BEGIN
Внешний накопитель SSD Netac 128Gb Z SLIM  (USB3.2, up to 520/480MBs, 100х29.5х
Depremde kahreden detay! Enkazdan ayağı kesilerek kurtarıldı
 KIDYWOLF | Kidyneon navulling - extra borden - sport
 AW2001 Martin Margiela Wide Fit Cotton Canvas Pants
END
• **Exercise requirements**
Copy exactly the lines running from the one that contains "Depremde kahreden detay!" to the end of the material, both ends included.

• **Expected output**
Depremde kahreden detay! Enkazdan ayağı kesilerek kurtarıldı
 KIDYWOLF | Kidyneon navulling - extra borden - sport
 AW2001 Martin Margiela Wide Fit Cotton Canvas Pants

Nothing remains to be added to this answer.